- Goal of the exercise -
Only the lines that hold "handbag" should be in the answer, each copied from the data below.

(Stored entries)
>>>>>

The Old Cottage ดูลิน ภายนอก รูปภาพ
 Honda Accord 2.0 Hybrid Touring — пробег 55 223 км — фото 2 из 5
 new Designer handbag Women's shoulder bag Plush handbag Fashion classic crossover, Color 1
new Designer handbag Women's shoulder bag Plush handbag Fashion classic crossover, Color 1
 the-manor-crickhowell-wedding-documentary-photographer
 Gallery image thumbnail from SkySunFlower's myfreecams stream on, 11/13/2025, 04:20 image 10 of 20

<<<<<

- Task output -
 new Designer handbag Women's shoulder bag Plush handbag Fashion classic crossover, Color 1
new Designer handbag Women's shoulder bag Plush handbag Fashion classic crossover, Color 1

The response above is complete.